• [Task statement]
Copy, from the data below, each line that has the word "area".
= Beginning of Section =
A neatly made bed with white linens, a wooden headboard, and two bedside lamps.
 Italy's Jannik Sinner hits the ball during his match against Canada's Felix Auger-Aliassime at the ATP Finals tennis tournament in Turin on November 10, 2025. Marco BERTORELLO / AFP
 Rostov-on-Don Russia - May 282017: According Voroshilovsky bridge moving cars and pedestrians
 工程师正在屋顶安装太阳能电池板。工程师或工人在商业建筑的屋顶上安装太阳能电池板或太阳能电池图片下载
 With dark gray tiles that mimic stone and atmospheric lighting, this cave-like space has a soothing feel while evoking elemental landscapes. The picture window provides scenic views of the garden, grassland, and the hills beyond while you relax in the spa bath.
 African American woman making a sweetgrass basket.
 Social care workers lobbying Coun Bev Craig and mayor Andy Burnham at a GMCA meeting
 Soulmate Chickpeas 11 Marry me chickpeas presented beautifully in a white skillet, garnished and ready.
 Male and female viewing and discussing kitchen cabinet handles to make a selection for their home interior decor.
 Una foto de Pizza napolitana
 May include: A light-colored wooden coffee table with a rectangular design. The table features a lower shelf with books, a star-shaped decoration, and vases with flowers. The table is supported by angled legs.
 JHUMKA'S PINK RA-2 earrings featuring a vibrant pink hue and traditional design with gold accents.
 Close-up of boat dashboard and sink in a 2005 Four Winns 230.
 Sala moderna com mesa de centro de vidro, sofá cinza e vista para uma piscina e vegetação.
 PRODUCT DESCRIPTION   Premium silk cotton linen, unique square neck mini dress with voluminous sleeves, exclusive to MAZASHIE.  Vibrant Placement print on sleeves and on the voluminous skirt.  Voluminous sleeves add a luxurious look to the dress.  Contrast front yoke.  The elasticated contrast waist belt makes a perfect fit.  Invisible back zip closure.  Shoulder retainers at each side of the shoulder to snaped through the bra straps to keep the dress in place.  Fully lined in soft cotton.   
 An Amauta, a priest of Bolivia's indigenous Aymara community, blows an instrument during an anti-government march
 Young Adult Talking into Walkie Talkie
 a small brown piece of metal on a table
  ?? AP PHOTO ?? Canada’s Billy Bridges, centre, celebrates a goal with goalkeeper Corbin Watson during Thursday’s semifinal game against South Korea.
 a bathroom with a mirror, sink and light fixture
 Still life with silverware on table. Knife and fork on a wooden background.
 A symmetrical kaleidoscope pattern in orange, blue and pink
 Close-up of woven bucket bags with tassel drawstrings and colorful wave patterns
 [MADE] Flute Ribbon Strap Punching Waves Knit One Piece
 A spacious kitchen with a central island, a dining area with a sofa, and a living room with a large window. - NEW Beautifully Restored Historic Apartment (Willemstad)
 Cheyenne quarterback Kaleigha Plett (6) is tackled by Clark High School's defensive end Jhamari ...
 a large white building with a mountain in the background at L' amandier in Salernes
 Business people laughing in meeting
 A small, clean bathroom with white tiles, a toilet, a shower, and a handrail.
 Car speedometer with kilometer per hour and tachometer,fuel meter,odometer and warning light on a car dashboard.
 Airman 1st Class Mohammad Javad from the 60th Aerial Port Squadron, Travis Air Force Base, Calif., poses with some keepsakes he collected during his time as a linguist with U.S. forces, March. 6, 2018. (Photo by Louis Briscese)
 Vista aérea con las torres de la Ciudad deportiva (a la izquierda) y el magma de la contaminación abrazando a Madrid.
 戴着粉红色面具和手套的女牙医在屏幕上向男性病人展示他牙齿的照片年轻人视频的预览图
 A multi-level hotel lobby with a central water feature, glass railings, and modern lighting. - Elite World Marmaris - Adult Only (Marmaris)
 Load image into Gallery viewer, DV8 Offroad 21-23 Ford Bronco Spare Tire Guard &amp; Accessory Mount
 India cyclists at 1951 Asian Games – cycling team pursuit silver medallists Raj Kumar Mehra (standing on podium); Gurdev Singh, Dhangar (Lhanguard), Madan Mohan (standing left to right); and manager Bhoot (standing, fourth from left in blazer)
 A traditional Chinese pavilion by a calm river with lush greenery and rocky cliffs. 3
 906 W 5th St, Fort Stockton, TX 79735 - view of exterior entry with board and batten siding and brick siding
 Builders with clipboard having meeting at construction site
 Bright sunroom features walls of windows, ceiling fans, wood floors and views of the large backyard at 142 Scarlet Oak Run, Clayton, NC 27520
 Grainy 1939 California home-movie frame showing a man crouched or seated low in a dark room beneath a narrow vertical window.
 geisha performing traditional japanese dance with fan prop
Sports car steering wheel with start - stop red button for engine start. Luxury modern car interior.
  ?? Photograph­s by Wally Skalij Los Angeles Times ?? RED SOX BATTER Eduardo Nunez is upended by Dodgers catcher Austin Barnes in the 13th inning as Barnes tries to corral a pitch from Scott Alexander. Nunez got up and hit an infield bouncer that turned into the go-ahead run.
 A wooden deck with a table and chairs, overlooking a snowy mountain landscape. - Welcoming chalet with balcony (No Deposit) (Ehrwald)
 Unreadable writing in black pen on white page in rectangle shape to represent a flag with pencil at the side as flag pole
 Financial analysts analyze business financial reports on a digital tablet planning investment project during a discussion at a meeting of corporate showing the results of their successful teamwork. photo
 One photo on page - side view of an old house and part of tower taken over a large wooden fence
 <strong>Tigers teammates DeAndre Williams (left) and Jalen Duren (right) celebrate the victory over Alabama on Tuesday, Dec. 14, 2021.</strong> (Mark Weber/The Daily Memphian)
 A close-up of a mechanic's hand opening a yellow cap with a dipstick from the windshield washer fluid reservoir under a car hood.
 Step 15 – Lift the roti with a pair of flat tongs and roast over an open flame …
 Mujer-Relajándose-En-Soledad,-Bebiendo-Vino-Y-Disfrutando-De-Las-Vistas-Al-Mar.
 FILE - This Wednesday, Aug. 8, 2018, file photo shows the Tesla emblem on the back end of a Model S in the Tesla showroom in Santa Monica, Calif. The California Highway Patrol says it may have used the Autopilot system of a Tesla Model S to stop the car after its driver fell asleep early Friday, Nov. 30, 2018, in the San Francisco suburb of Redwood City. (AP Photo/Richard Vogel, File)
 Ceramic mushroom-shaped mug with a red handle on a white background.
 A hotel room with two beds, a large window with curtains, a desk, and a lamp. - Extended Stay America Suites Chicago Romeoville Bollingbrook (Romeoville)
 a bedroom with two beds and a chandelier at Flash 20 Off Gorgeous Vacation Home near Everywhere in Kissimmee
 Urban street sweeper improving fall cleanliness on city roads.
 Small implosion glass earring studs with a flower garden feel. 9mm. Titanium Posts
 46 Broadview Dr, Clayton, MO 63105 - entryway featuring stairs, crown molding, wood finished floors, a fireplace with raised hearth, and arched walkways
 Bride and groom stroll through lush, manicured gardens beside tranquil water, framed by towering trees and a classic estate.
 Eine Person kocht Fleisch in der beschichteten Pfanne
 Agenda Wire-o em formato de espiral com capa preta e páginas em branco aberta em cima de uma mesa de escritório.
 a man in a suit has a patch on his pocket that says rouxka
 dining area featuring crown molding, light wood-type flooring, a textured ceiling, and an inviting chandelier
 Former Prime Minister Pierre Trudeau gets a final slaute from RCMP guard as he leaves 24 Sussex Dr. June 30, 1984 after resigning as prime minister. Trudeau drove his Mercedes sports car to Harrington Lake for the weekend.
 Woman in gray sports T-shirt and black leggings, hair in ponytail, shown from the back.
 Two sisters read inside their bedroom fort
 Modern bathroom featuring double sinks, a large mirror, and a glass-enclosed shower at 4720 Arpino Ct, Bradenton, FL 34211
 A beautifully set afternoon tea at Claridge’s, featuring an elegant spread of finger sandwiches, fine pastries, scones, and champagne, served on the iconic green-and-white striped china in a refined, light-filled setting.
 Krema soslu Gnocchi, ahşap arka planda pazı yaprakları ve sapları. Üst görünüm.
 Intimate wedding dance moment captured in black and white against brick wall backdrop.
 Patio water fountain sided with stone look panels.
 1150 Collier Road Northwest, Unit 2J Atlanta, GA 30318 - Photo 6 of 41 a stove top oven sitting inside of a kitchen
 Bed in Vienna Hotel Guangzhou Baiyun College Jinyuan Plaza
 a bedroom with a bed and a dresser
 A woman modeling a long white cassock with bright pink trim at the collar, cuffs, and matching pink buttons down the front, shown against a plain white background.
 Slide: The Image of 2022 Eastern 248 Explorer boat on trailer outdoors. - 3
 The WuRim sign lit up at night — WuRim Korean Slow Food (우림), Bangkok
= End of Section =
• [Answer space]
 A spacious kitchen with a central island, a dining area with a sofa, and a living room with a large window. - NEW Beautifully Restored Historic Apartment (Willemstad)
 dining area featuring crown molding, light wood-type flooring, a textured ceiling, and an inviting chandelier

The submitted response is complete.